The Redbreast
Jo Nesbø



Read January 2009
Copy borrowed from Ramsey County Public Library, White Bear Lake branch
Essay written Saturnday, March 28th, 2009

I think I discovered this author through Silence Of The Grave by Arnaldur Indriðason. That book won the Glass Key Award, for best Nordic crime fiction. Nordic crime? I'm all over it. Wikipedia did the rest.

So the library had some Jo Nexbø, so I reqested it and picked it up. I didn't know it would be 500 pages long, but oh well. I loved it. Springtime in Oslo. Compelling story, too; it kept me guessing in a good way.

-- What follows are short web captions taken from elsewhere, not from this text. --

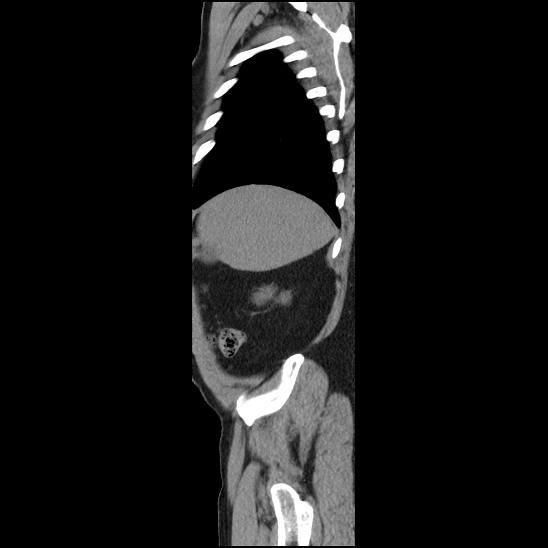 Aortic intramural hematoma (type B) (Radiopaedia 79323-92387 G 1).jpg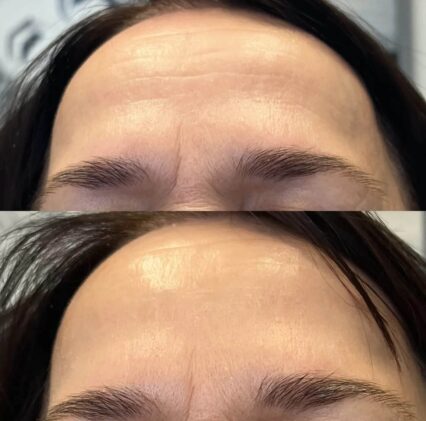 Kollageenisilkkilankakohotus1 www.eiraestetica.fi kollageenisilkkilankakohotus1 kollageenisilkkilankakohotus1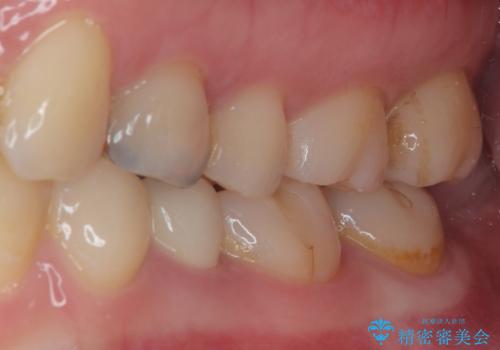 被せものが割れた オールセラミッククラウン・セラミックインレー修復の治療後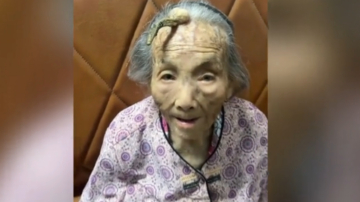 廣東107歲奶奶額頭長出罕見「壽角」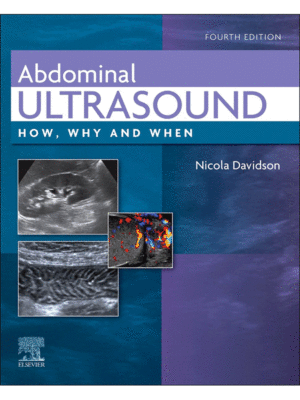 Abdominal Ultrasound: How, Why and When, 4th Edition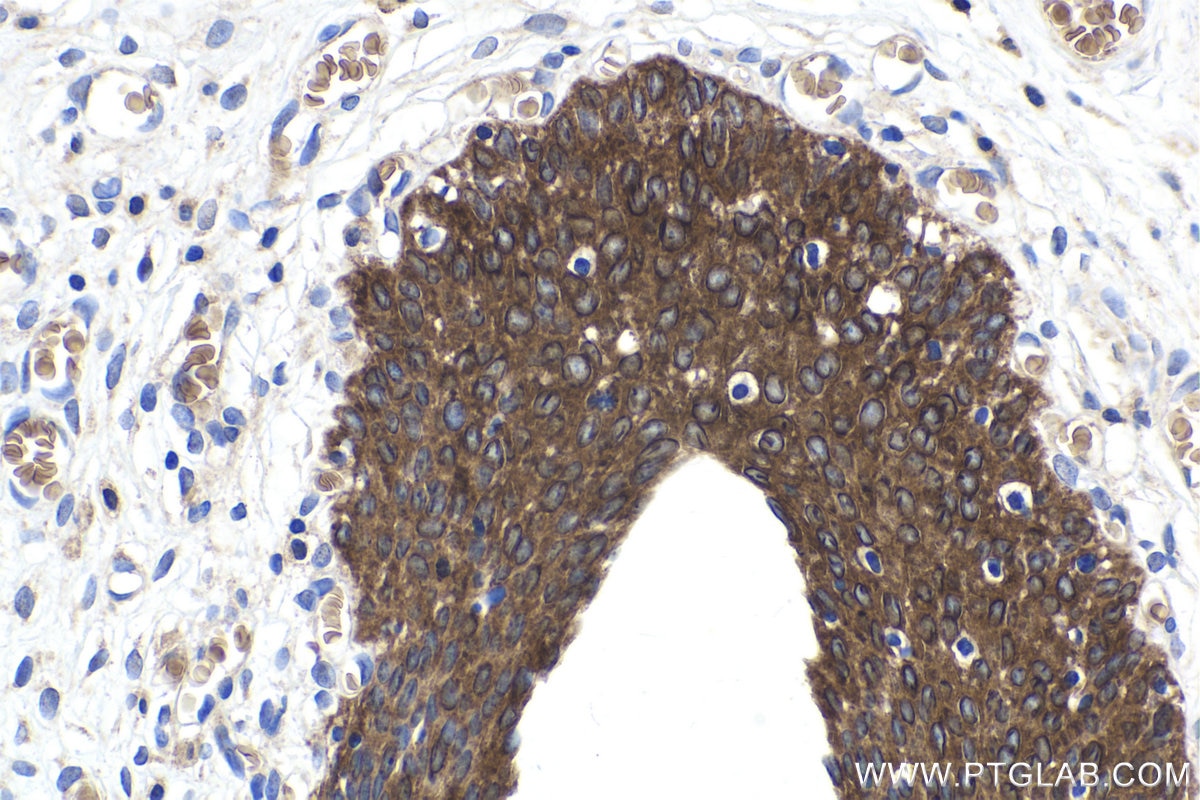 Immunohistochemical analysis of paraffin-embedded human urothelial carcinoma tissue slide using KHC1898 (CIB1 IHC Kit).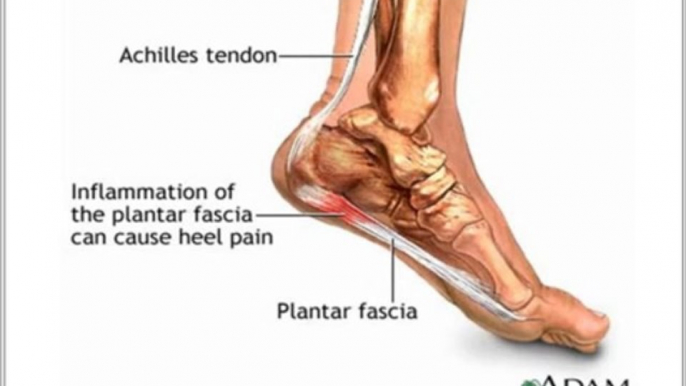 Pain in Heel of Foot | How to Get Rid of Plantar Fasciitis, Achilles Tendonitis Pain in Heel of Foot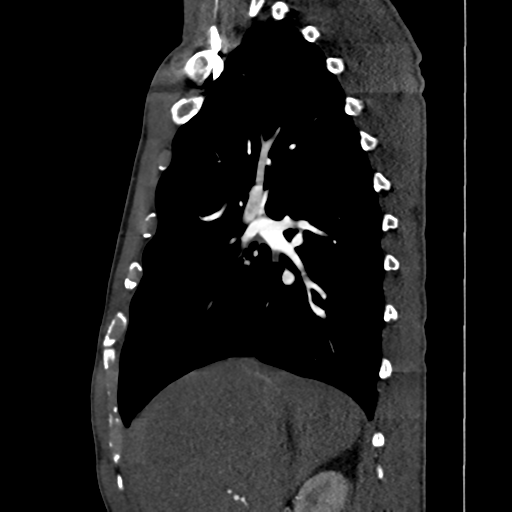 File:Cardiac tumor - undifferentiated pleomorphic sarcoma (Radiopaedia 45844-50134 B 55).png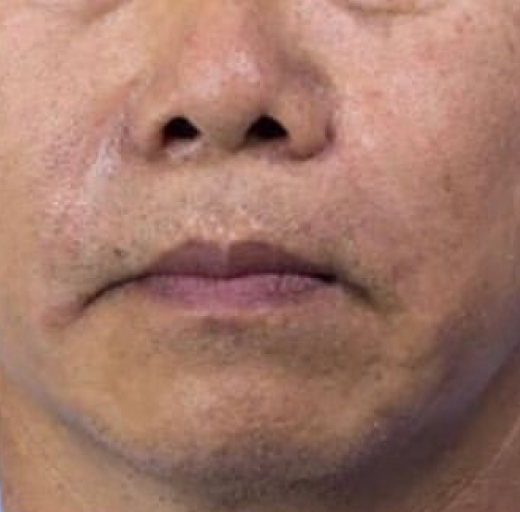 Before/After Image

(Digression: that Glass Key Award was also given to two other authors I've previously read but didn't know about. Peter Høeg for his astonishing Smilla's Sense Of Snow, which I read in 2003, and should read again. And Leif Davidsen, who won it for a different book than The Russian Singer, which I also read in 2003, oddly enough. Must have been year of the Danes in my life. Did I read Hamlet then too? The late Stieg Larsson also won the Glass Key, and although I haven't read it, his The Girl With The Dragon Tattoo is on my "List" on the Ramsey County Library website. It has 117 requests on it as of today.)